Provided information section start

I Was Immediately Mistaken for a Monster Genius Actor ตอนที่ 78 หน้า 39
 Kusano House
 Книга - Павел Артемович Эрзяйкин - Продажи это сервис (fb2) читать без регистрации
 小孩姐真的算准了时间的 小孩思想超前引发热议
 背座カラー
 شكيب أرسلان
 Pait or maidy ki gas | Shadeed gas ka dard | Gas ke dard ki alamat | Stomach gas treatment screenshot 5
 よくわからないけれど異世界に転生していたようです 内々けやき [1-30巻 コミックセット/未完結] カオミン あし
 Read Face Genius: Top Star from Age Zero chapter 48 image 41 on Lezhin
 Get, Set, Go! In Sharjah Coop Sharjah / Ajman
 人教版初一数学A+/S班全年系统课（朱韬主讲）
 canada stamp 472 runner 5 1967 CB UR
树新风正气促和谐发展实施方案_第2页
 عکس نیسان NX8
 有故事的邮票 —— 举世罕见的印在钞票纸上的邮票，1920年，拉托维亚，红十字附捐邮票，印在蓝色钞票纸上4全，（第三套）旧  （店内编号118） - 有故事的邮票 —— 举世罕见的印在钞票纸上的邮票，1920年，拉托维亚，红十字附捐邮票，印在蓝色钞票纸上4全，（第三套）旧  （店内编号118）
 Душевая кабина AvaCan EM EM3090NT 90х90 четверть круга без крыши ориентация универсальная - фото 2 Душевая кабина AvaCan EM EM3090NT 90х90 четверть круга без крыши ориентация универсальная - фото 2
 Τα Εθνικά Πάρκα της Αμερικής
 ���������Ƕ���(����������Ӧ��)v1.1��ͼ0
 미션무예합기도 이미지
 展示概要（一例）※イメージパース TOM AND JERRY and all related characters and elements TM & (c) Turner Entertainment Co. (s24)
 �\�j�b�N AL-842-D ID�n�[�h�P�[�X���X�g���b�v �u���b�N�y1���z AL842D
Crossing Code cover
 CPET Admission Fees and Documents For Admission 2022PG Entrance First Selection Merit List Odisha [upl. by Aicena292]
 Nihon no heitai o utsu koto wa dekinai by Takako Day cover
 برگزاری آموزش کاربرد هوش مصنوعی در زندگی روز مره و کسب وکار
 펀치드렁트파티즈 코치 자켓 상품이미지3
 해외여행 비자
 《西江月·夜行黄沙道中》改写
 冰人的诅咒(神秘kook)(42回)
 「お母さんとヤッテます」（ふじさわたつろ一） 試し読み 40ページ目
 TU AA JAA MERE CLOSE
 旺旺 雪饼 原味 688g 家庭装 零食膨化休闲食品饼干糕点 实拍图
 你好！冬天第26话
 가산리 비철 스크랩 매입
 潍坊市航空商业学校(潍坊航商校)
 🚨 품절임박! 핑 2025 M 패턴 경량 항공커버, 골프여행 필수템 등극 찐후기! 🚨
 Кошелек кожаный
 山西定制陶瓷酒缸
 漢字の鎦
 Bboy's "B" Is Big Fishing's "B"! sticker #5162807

Provided information section end

* **The problem**:
The answer must be a single number: the count of lines above that contain "cover".

* **Task answer**:
2